Two ADA4895-1 op-amps in series each with a non-inverting gain of 10x. Rf = 226 ohms. Rg = 25.1 ohms, Rs = 51 ohms.
They are followed by an AD8021 with a non-inverting gain of 1. That is followed by a single pole R-C filter with 249 ohms and 18pF into an AD9240 ADC. The R-C filter frequency should be 35MHz. 55MHz was used due to the 1.57 single pole factor.
From the ADA4895-1 datasheet:
236 MHz, −3 dB bandwidth (G = +10)
voltage noise is 1nV / SQRT(Hz)
current noise is 1.6pA / SQRT(Hz)
With the input grounded what is the predicted amplifier output noise into the AD9240? For my first approximation I ignored the AD8021 and assumed the first stage ADA4895-1 would dominate.
I just noticed you haven't gotten a reply since 5/15, so we owe you something.
I'm lazy, so I won't calculate the whole thing, but remember Friis' equation:
Friis formulas for noise - Wikipedia, the free encyclopedia
Even though they are talking about microwaves, the same principle applies.
If you have enough gain in the first stage, the other stages matter very little.
So to a first approximation, it's simply 10nV/rt-Hz integrated over the bw.
Sorry, I didn't expect someone to do the full calculation. Was just looking for a sanity check.
The actual results measured using the AD9240 are below.

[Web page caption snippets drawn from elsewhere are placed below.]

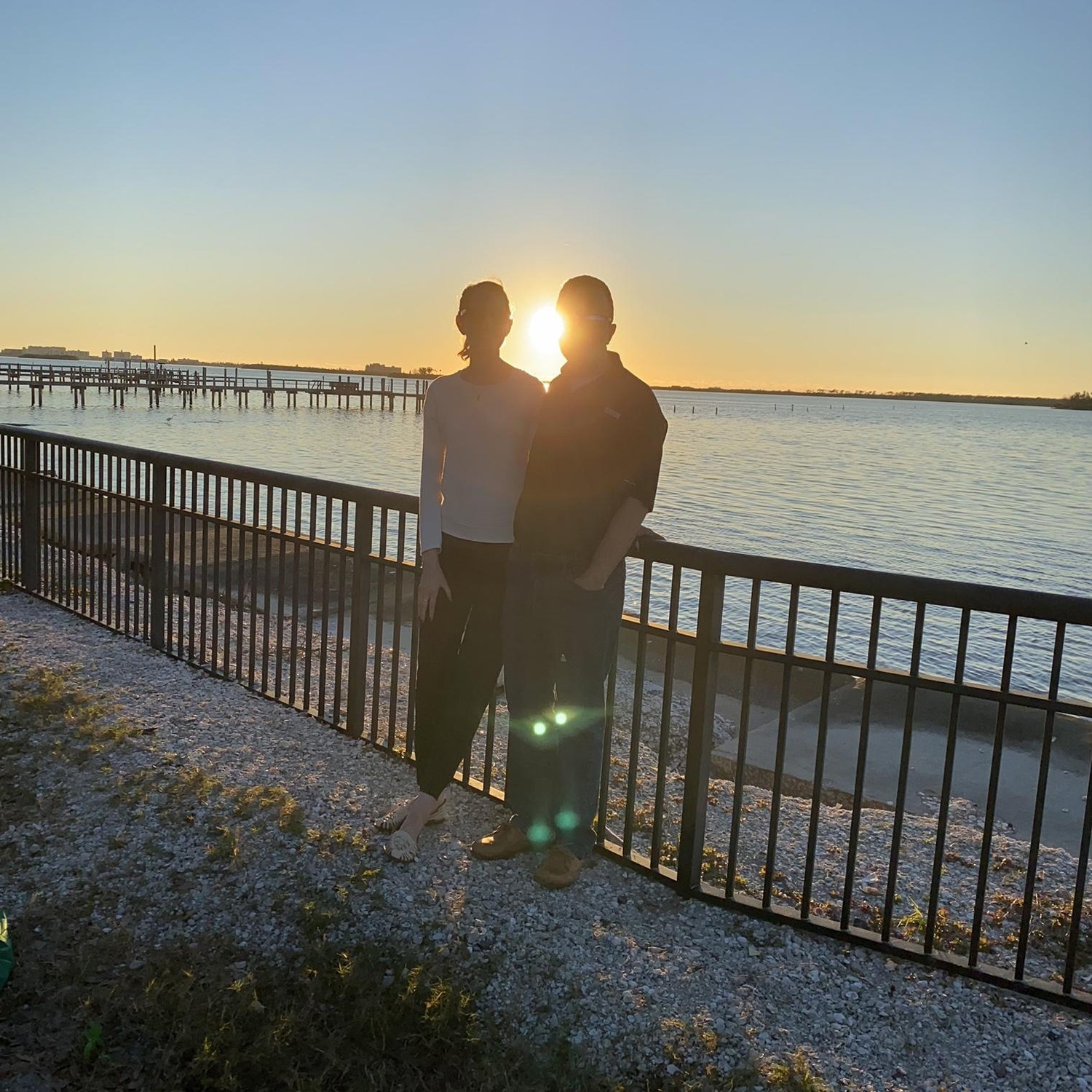 Tampa, November 2024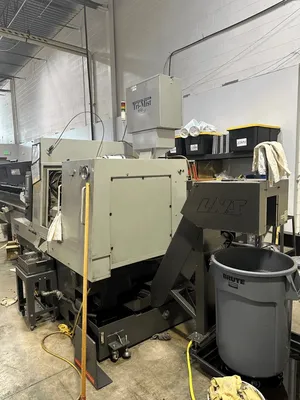 2014 TSUGAMI B0385L Swiss Type Automatic Screw Machines | Toolquip, Inc. (19)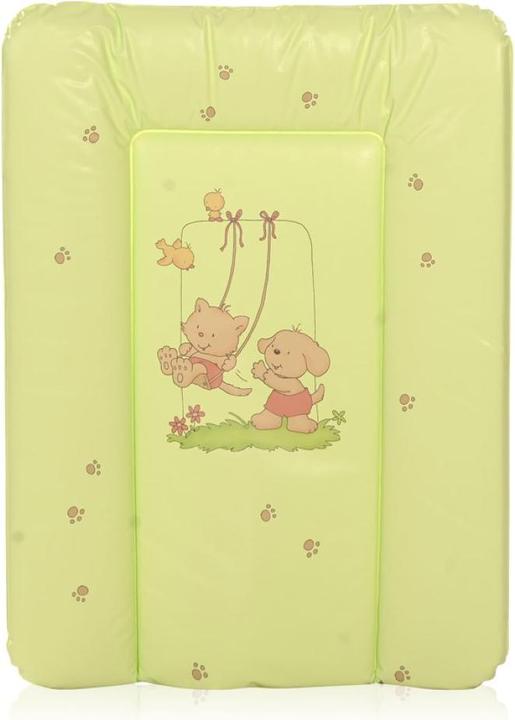 Actual product image Lorelli Children changing mat Softy (50 x 70 cm)
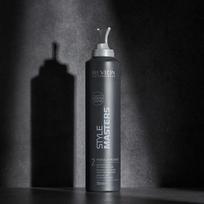 revlon style masters - Revlon Professional Style Masters The Must-haves Modular 300ml Plaukų putos - 2 nuotrauka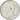 Coin, Venezuela, 25 Centimos, 1989, MS(65-70), Nickel Clad Steel, KM:50a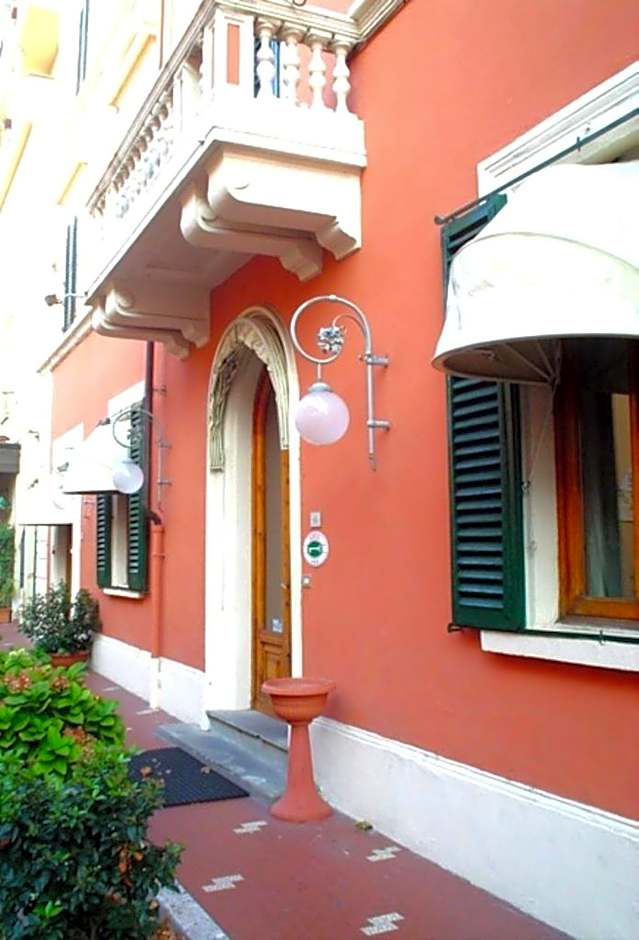 Hotel Internazionale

The application is sensitive to peak voltages so that is shown along with the RMS conversion using 6.6, 99.9%. AD9240 is at the left of the list.
No buffer, AD9240 inputs shorted = 1.53mV pk-pk = 231uV RMS
AD8021 buffer = 2.14mV pk-pk = 324uV RMS
AD8021 buffer + AD8021 at x2.5, x5 and x10 all = 2.75mV pk-pk = 416uV RMS
AD8021 buffer + x5 AD8021 + x10 ADA4895-1 = 4.58mV pk-pk = 694uV RMS
AD8021 buffer + x10 AD8021 + x10 ADA4895-1 = 9.16mV pk-pk = 1.38mV RMS
The x10 noise from an AD8021 is the same as the noise from a 10x ADA4895-1 as the only amp.
The result is that gains over 50x do not help as the noise from 50x to 100x doubled.
Also, Why 10nV/rt-Hz rather than 11nV/rt-Hz since the noise gain is x11 and the amp noise is 1nV?
Sloppy thinking on my part. Yes, the NG =11 and you are correct.
The Friis formula says to use the power gain. When the output of an op-amp is driving the high impedance input of another op-amp the resistance is near infinite. How does power gain relate to voltage gain in that situation?